The challengers say the Arizona provision runs afoul of a 1986 federal statute that bars states and cities from penalizing employers for hiring illegal aliens except through “licensing and similar laws.”
Roberts said that provision created ample room for Arizona to take away a company’s license to do business within the state. “Congress swept pretty broadly,” he said. “It said not just ‘licensing laws’ but ‘licensing and similar laws.’”

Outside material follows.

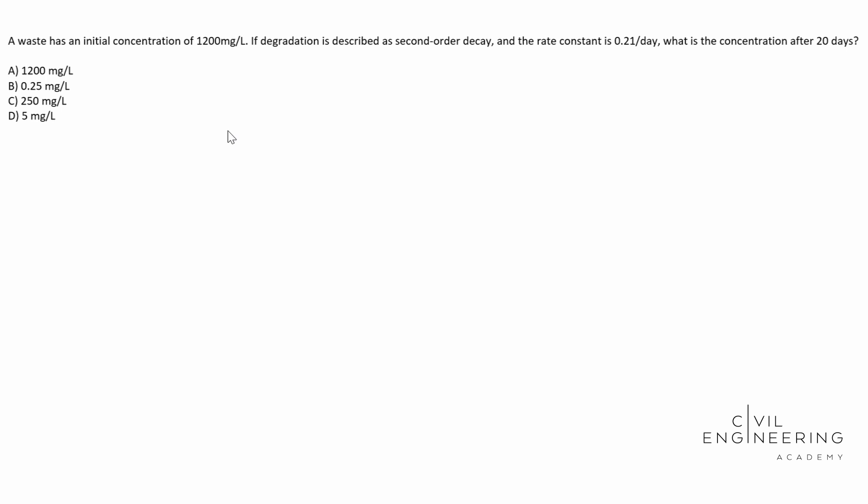This is gonna be a concentration problem. Here's what the question says: a waste has an initial concentration of 1200 milligrams per liter. If the degradation is described as second-order decay and the rate constant is 0.21 per day, what is the concentration after 20 days? Then we see our four options there in milligrams per liter.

The Chamber of Commerce’s lawyer, Carter Phillips, argued that Congress has enacted a “comprehensive scheme” and wanted to have “uniform” rules governing the hiring of immigrants across the country. He said states could strip a company’s license only after an employer had been found by federal officials to have violated the immigration laws.
Alito and Kennedy
Justice Samuel Alito, another Republican appointee, questioned the logic behind that argument. He said some states would likely impose stricter punishment than others, undermining the uniformity that Phillips said was important.
“It’s not going to be the same,” Alito said.
Justice Anthony Kennedy, a Republican appointee who is often a swing vote, directed questions at both sides. He suggested to Phillips that the Arizona sanction is a licensing law, permitted under federal statute.
At the same time, he voiced puzzlement that Congress would intentionally let states strip a company of its right to do business but not impose a lesser sanction, such as a fine. “Why would Congress want to do that?” Kennedy asked.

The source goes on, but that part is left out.